# Squeaker / Small Canada Geese



## prairie hunter (Mar 13, 2002)

Any one notice that the small Canada geese are getting more difficult to decoy compared to 10 years ago.

Maybe they are on the same path as the snows. Big flocks of too many adult birds. In the morning they often feed in a different field than the evening before.

They are still easier to hunt than snows because they usually fly at 60 yards high or less until a few rounds have been popped at them and they climb up into the clouds.

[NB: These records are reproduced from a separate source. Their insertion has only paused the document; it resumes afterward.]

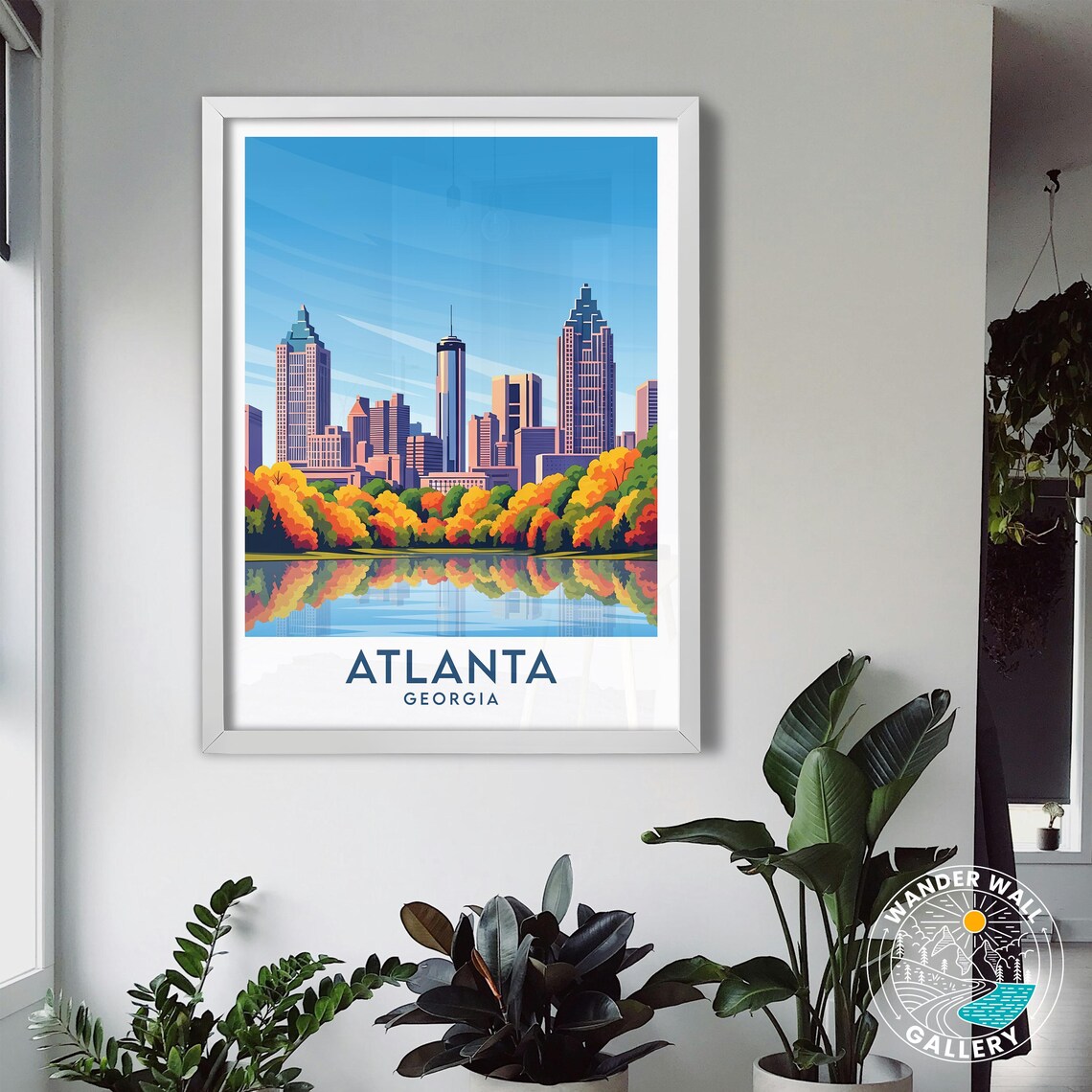 Atlanta Georgia Fall Foliage Skyline Waterfront Travel Poster - Image 3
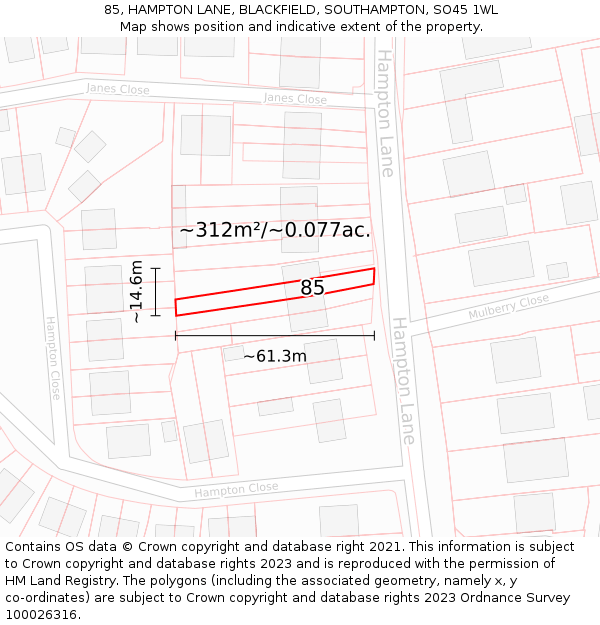 85, HAMPTON LANE, BLACKFIELD, SOUTHAMPTON, SO45 1WL: Plot and title map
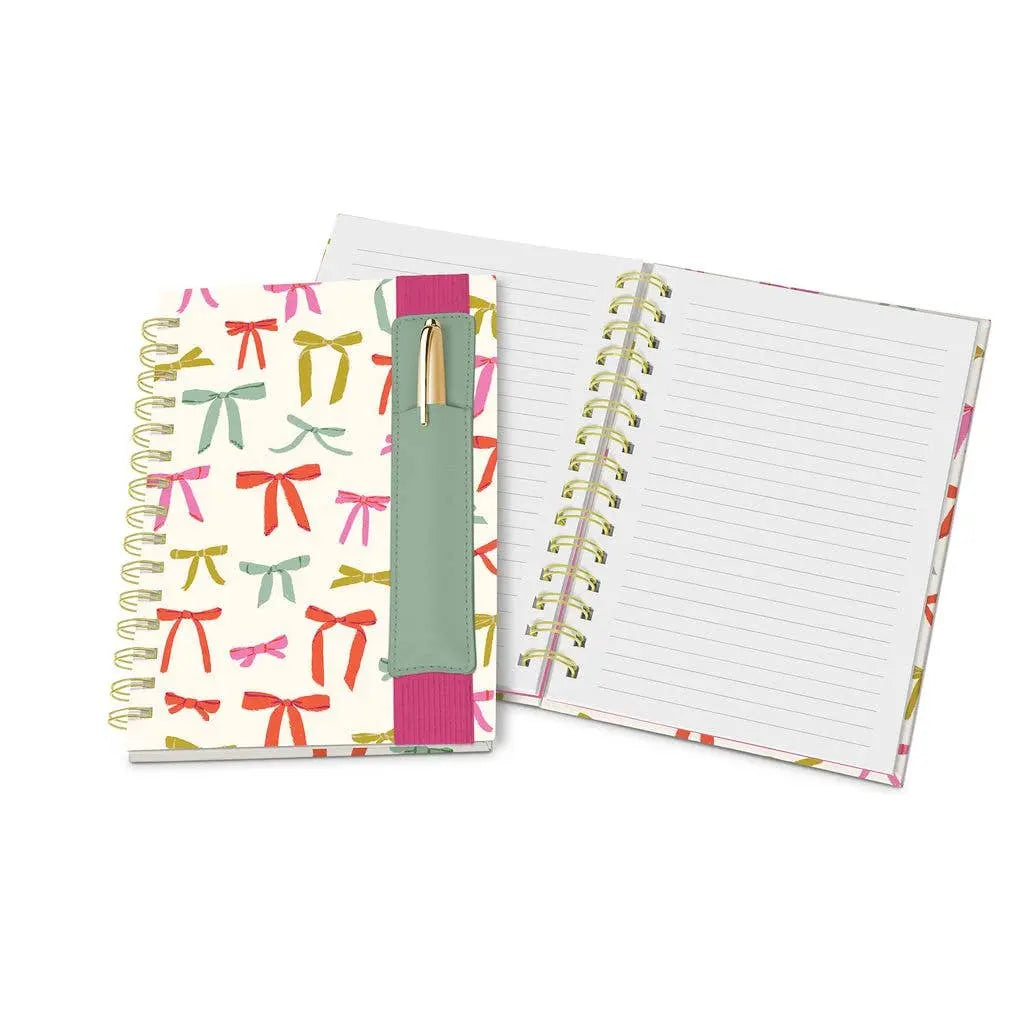 Put a Bow on It Oliver Notebook with Pen Pocket - Just So Happy
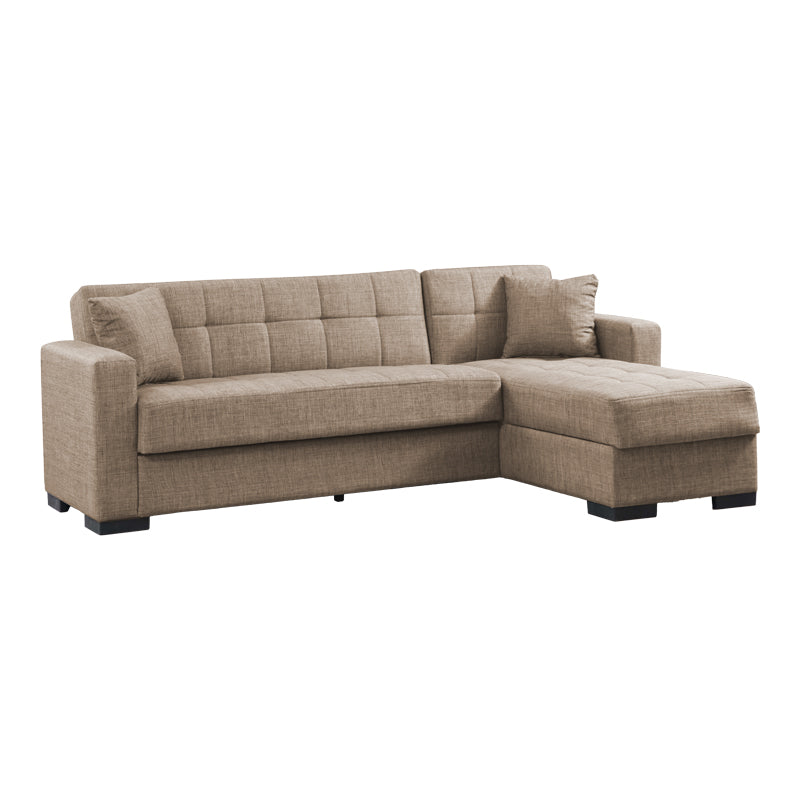 Corner sofa-bed with storage space Kansas pakoworld beige fabric 235x150x80cm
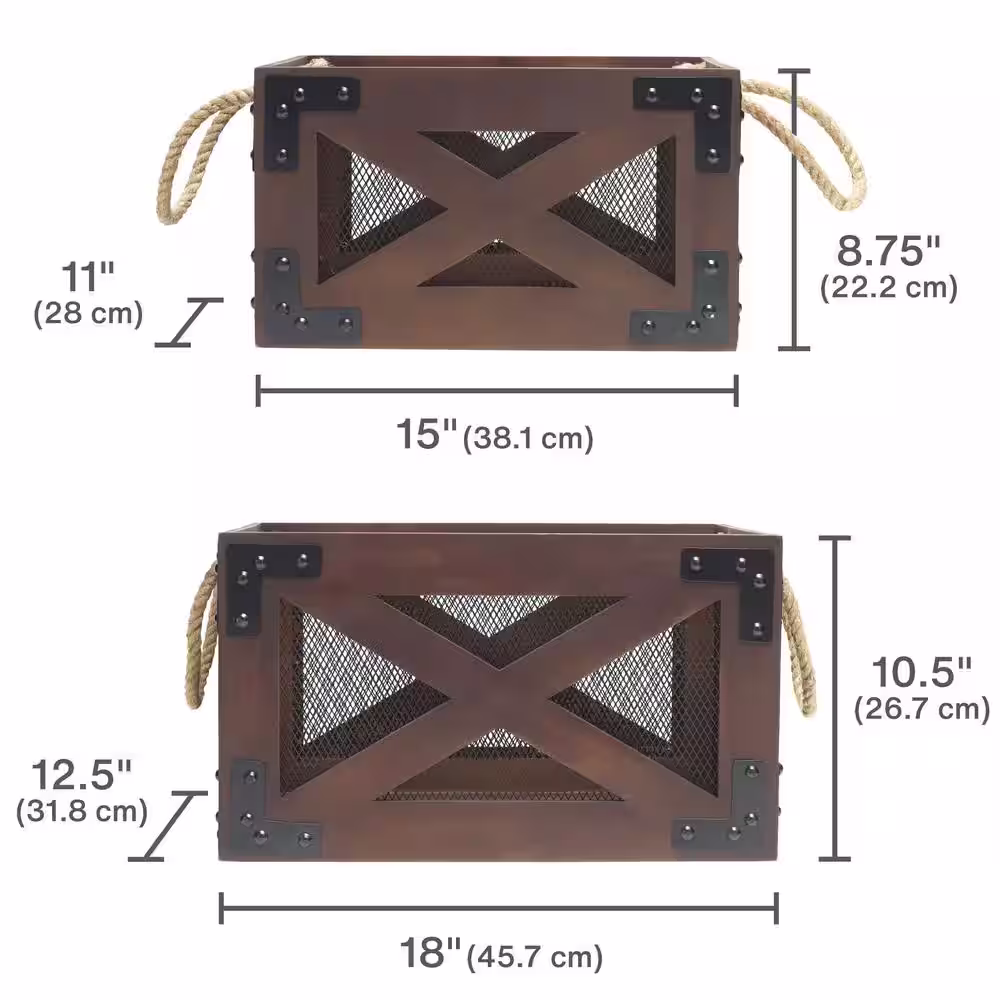 Mikasa 2-Piece Wooden Brown Storage Crate Set, 15 in./18 in.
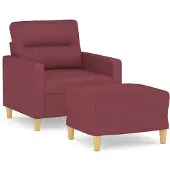 vidaXL Sessel mit Hocker Weinrot 60 cm Stoff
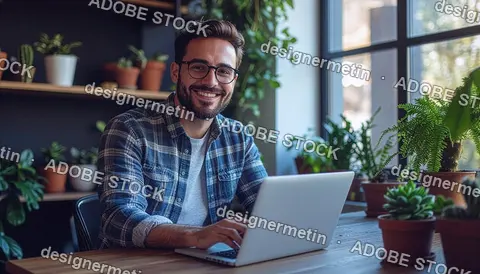 Smiling Man Working Remotely With Laptop Surrounded By Indoor Houseplants In A Stylish Home Office
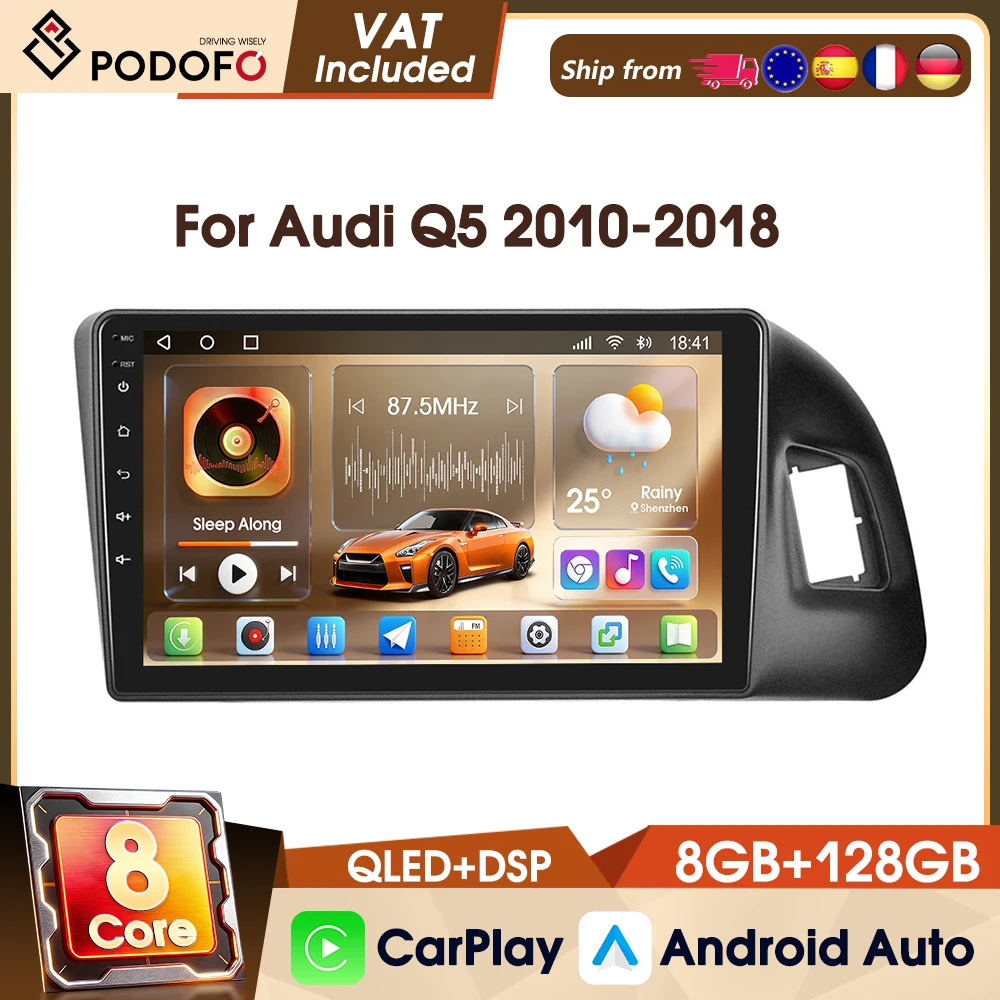 Podofo, autoradio stereo 2 DIN con schermo da 9 pollici, 8+128 GB, 4G, processore a 8 core, per Audi Q5 (2010-2018), lettore multimediale per auto con video, DAB, WIFI, navigazione GPS, FM, RDS.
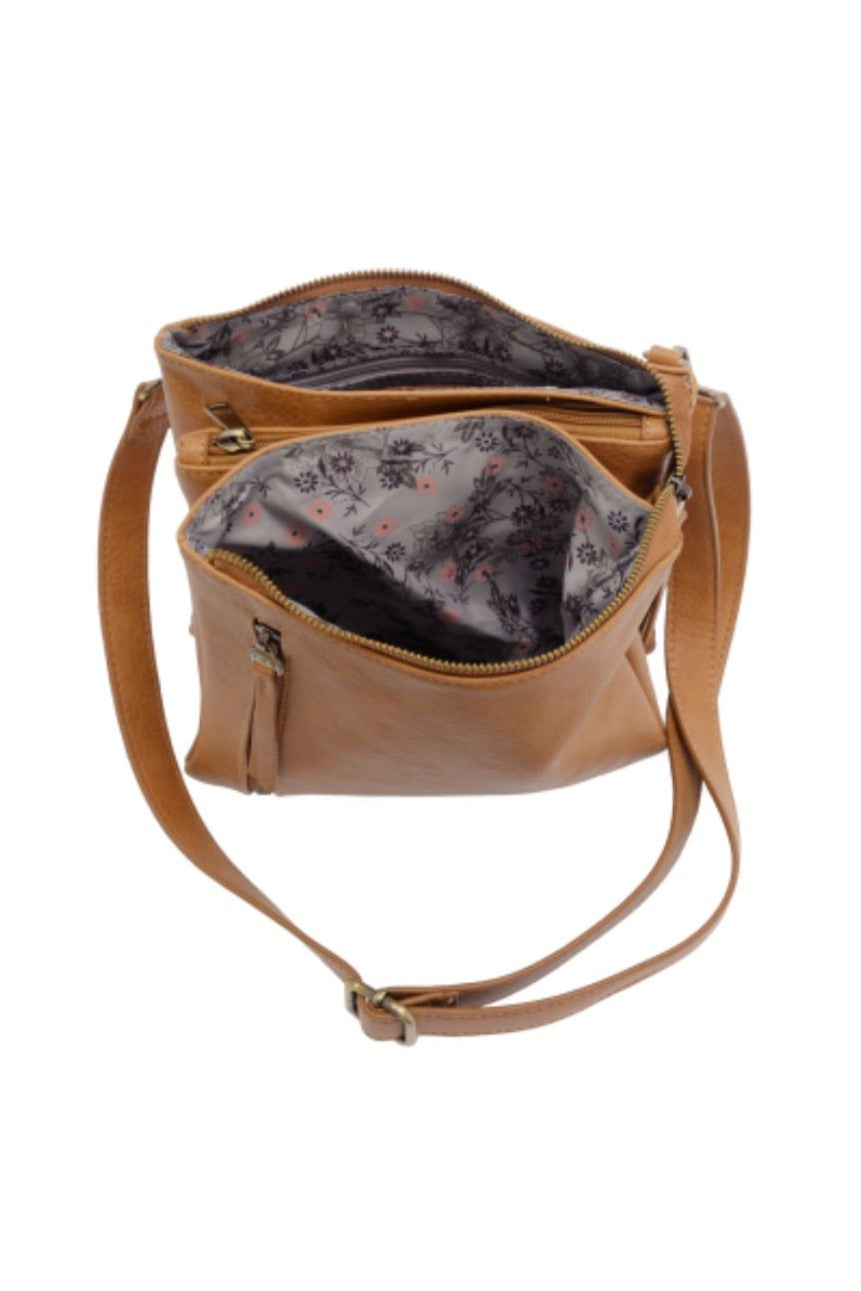Dawn Multi Pocket Crossbody - Mid Tan
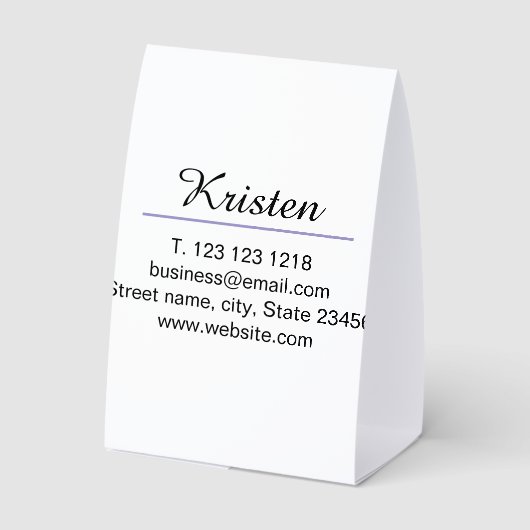 Plaque De Table Monogramme nom écrivain violet modifier code QR en (Verso)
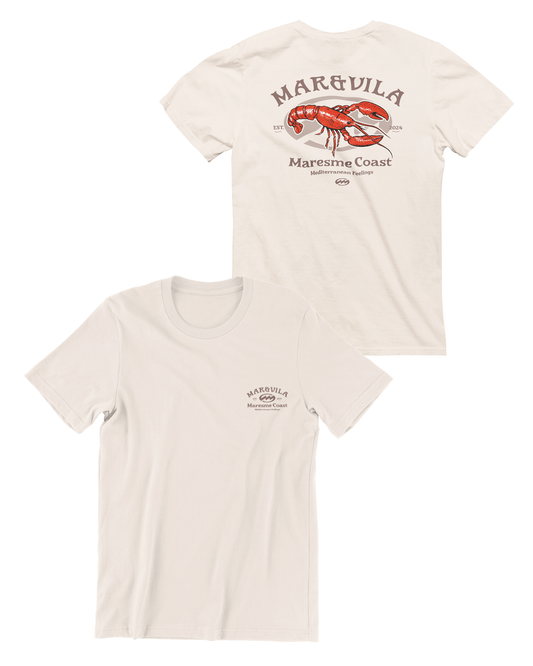 Camiseta langosta hombre color piedra – estilo costero Maresme
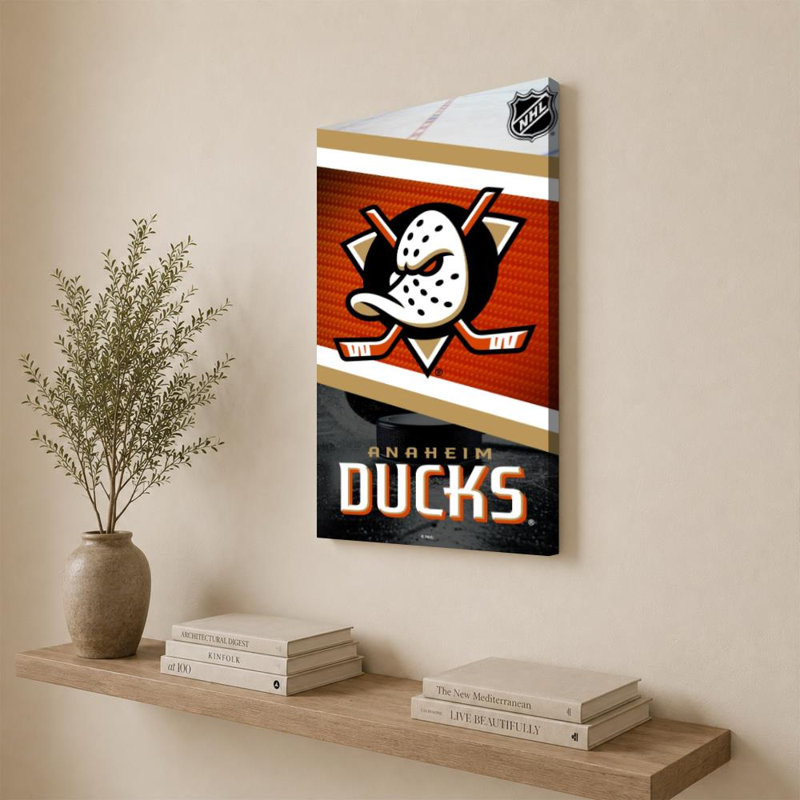 Décoration murale des Ducks d'Anaheim (NHL), 36" H x 24" W, Toile tendue, Does Not Apply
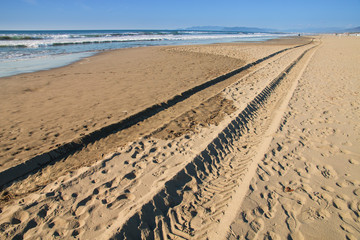 tyre tracks on the beach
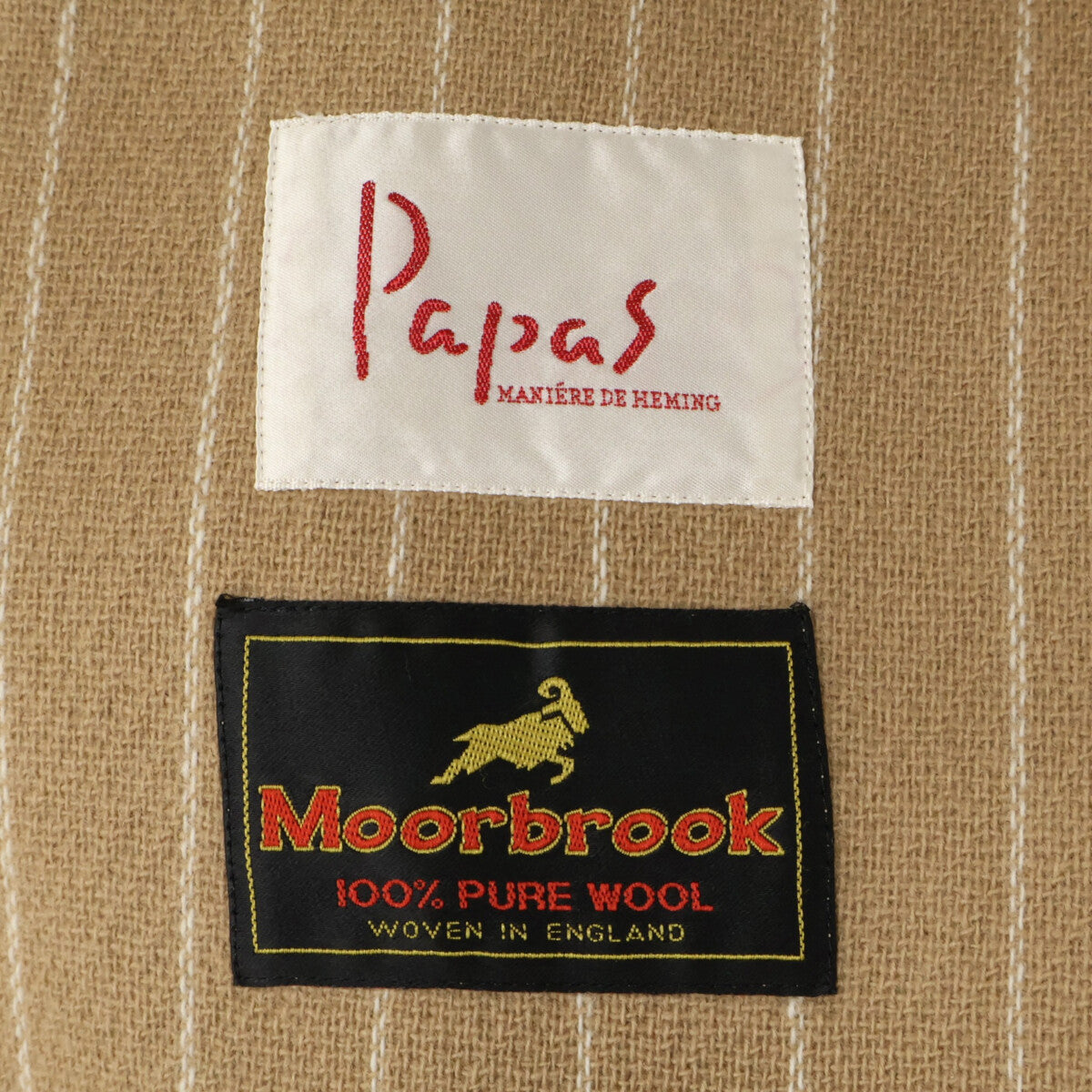 PAPAS D0424FC MOORBROOK面料 羊毛 小狗Logo刺绣 单排扣大衣 L 男士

Pass shooting is still very deadly and alot of fun on the small Canada geese.


----------



## Wood Duck (Mar 22, 2002)

I'll second that. The small Canadas can give a guy some trouble. Even as early as 5 years ago they were almost a gimme. The big Canadas are almost too easy, so why cant we just have a happy medium? My dream field has snows, Canadas- big and small, and ducks. Believe it or not we do find these dream fields quite often.


----------



## Old Hunter (Mar 8, 2002)

You got that right ph. The shooting pressure in Canada is getting heavier. The birds are educated by the time they get here. There are 3 things that you can do to increase your bag. Use ahigher pitch call. I use a TG short mag for the little ones. Itis important to have 2 or 3 callers. A busy calling routine,and flag flag flag. I use pole kites on a bamboo pole. The bamboo pole gives the flag a great motion. I use a 2 piece pole. camo it and reglue the ferruls. I usually cut about 6 inches of the pole to get the right stiffness. they break so I carry spares. Give it a try it works for me good luck


----------